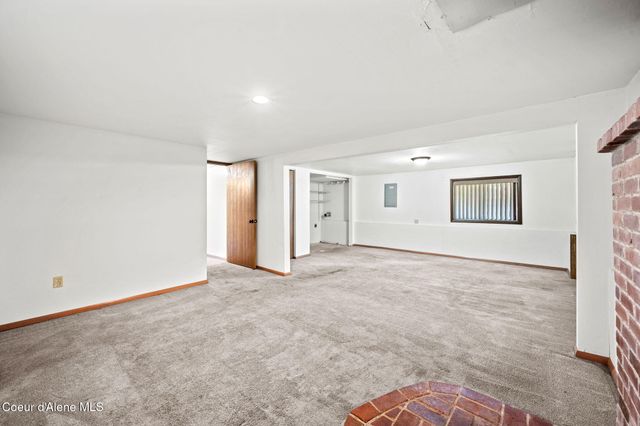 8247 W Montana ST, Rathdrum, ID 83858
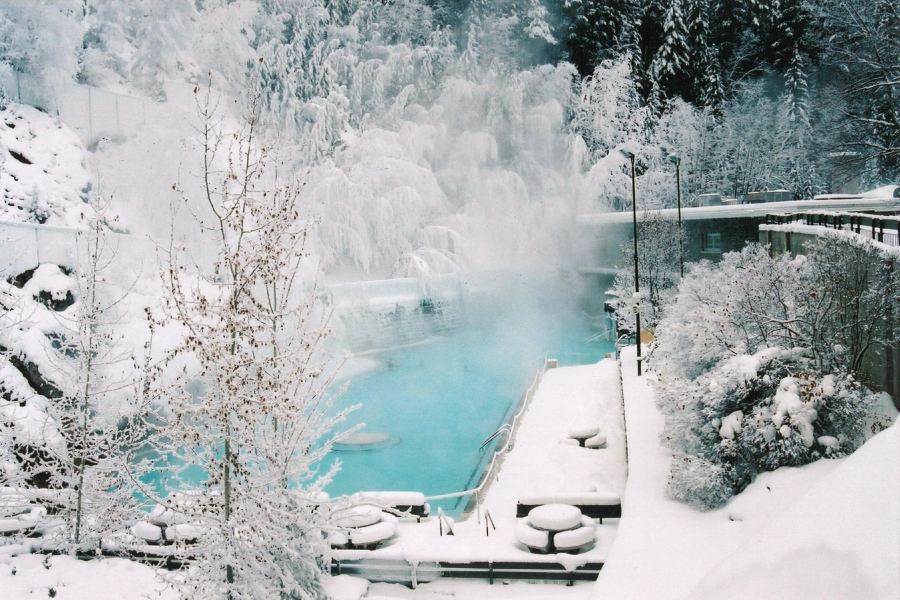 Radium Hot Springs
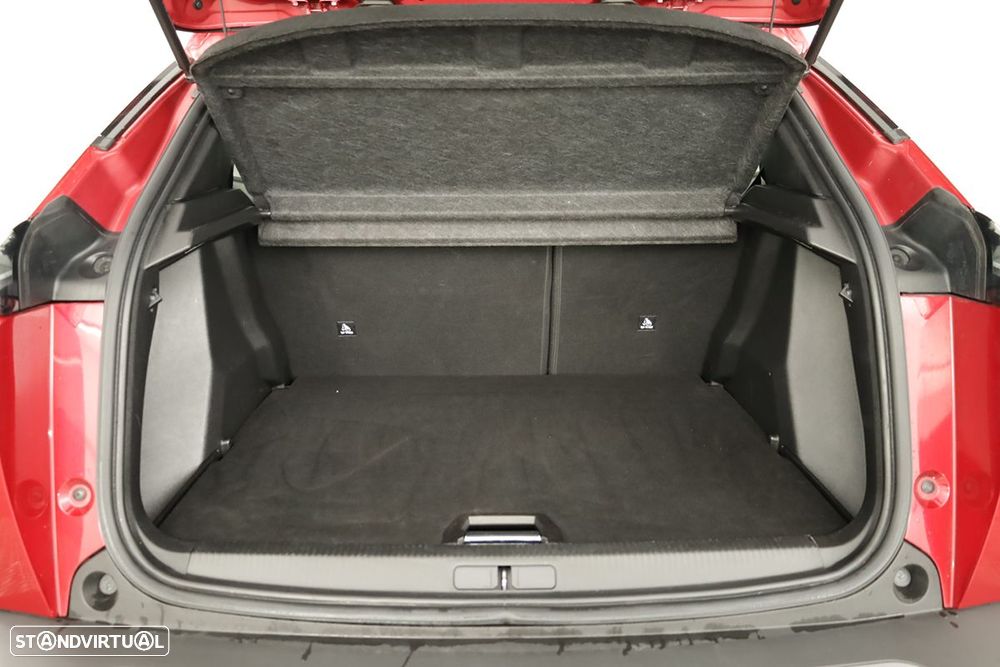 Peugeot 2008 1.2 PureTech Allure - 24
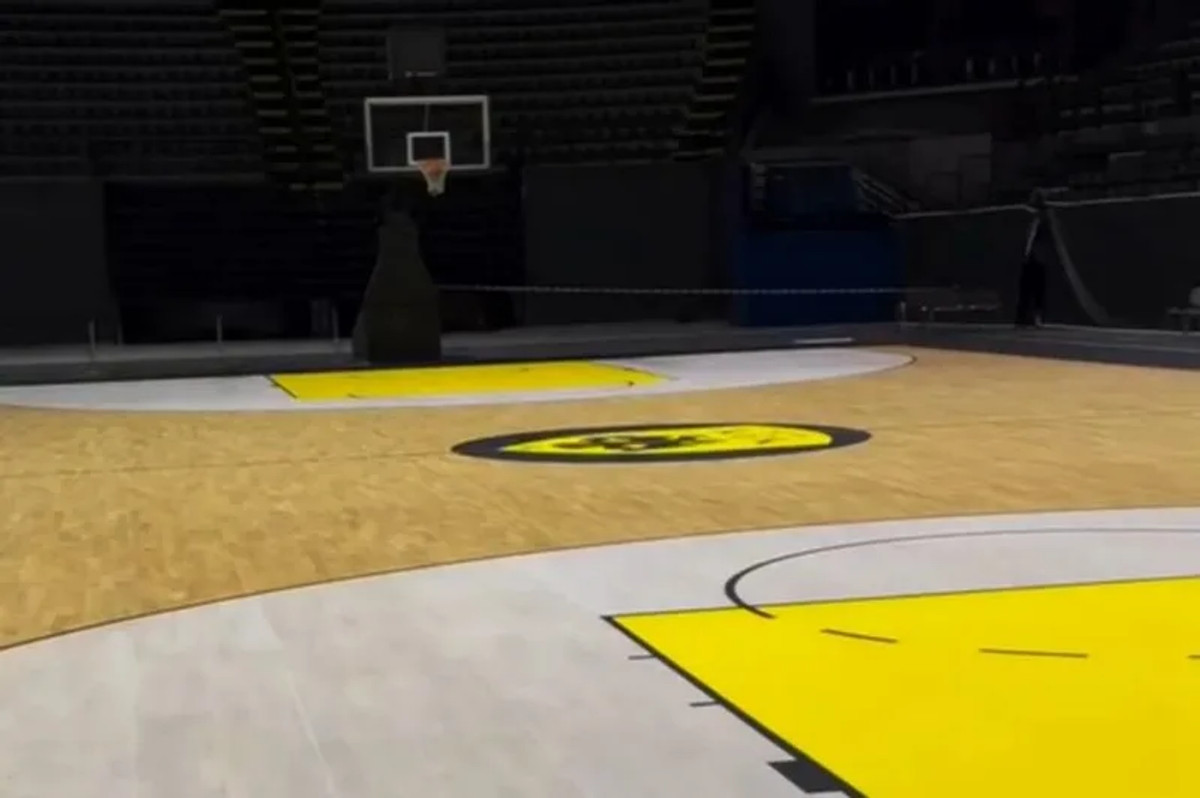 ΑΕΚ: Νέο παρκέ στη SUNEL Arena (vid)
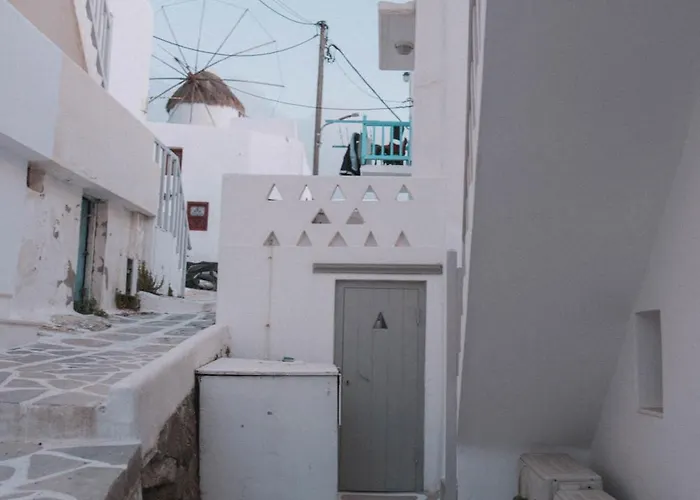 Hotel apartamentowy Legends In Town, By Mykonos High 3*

TASK REQUIREMENTS
Apart from the images, every line above needs to be printed again exactly.

WRITTEN ANSWER
 8247 W Montana ST, Rathdrum, ID 83858
 Radium Hot Springs
 Peugeot 2008 1.2 PureTech Allure - 24
 ΑΕΚ: Νέο παρκέ στη SUNEL Arena (vid)
 Hotel apartamentowy Legends In Town, By Mykonos High 3*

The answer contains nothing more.